> Try it:
Retype the listing found below exactly, but leave out each picture.

> Provided material:
========================================

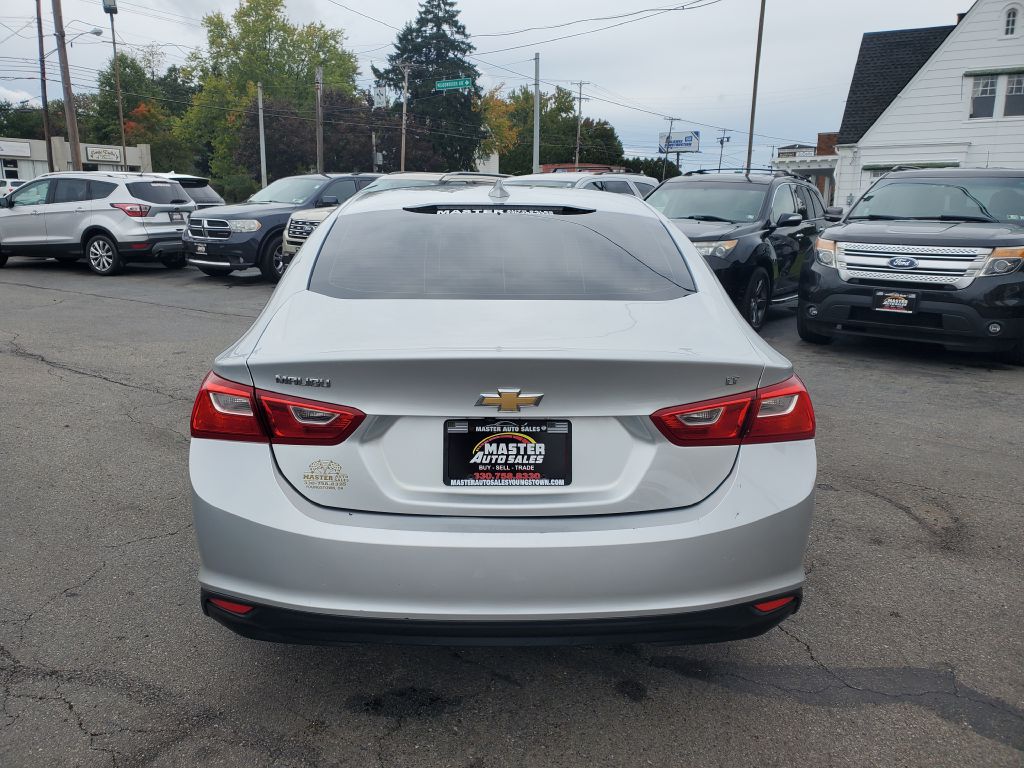 Photo 4 of this CHEVROLET MALIBU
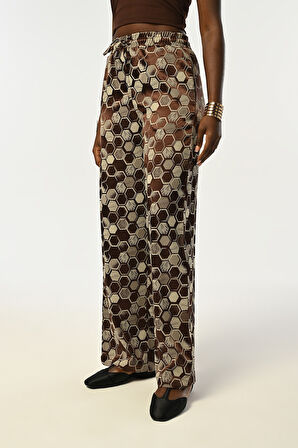 KADIN BELİ LASTİKLİ BOL PAÇA PETEK DESENLİ KAHVERENGİ PANTOLON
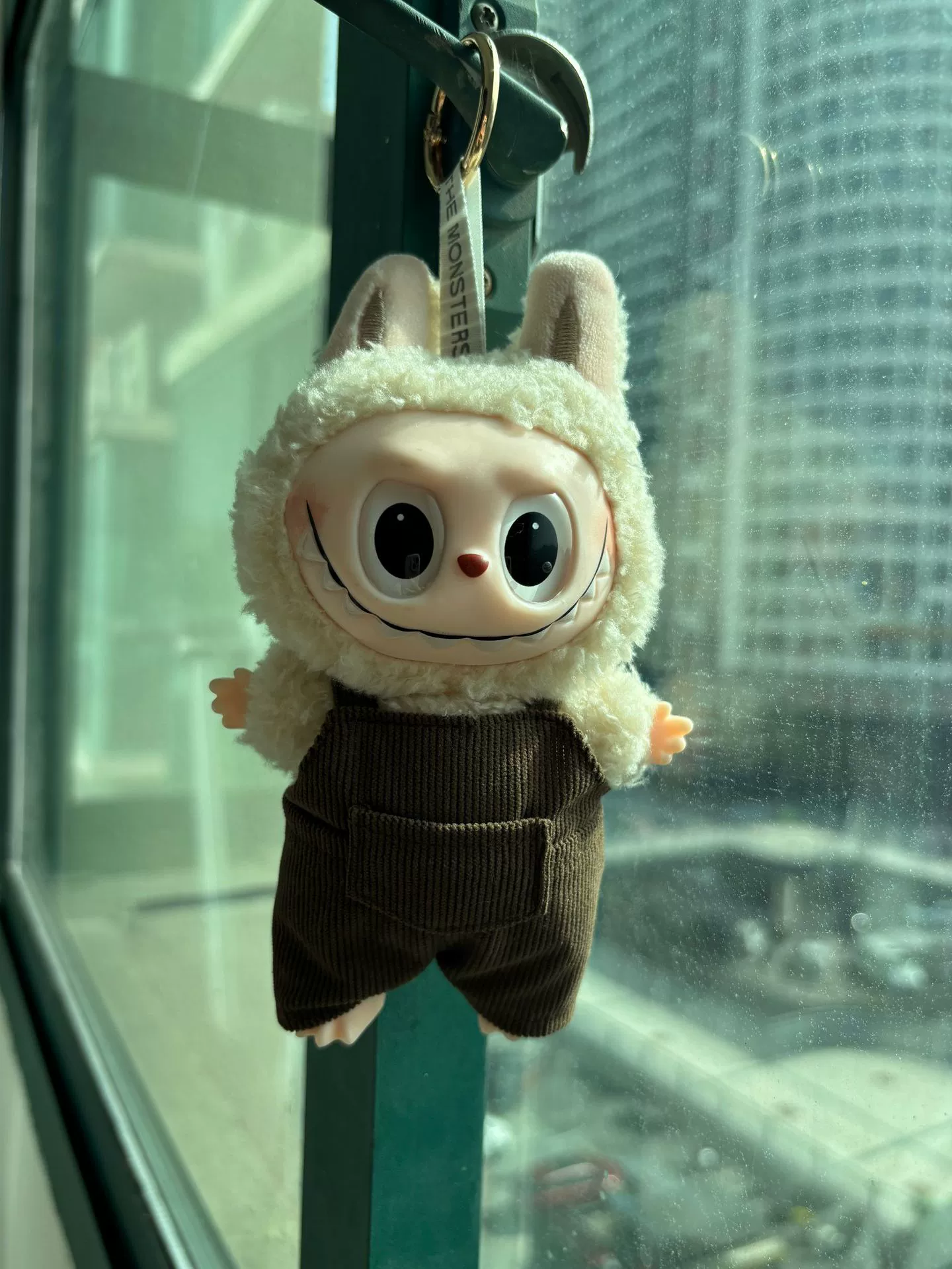 Одежда куклы Только] Labu Bud Doll Clothes Glue Blind Box Pendant Doll Clothes Overalls Macaron 17cmLABUBU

========================================

> Solved problem:
 Photo 4 of this CHEVROLET MALIBU
 KADIN BELİ LASTİKLİ BOL PAÇA PETEK DESENLİ KAHVERENGİ PANTOLON
 Одежда куклы Только] Labu Bud Doll Clothes Glue Blind Box Pendant Doll Clothes Overalls Macaron 17cmLABUBU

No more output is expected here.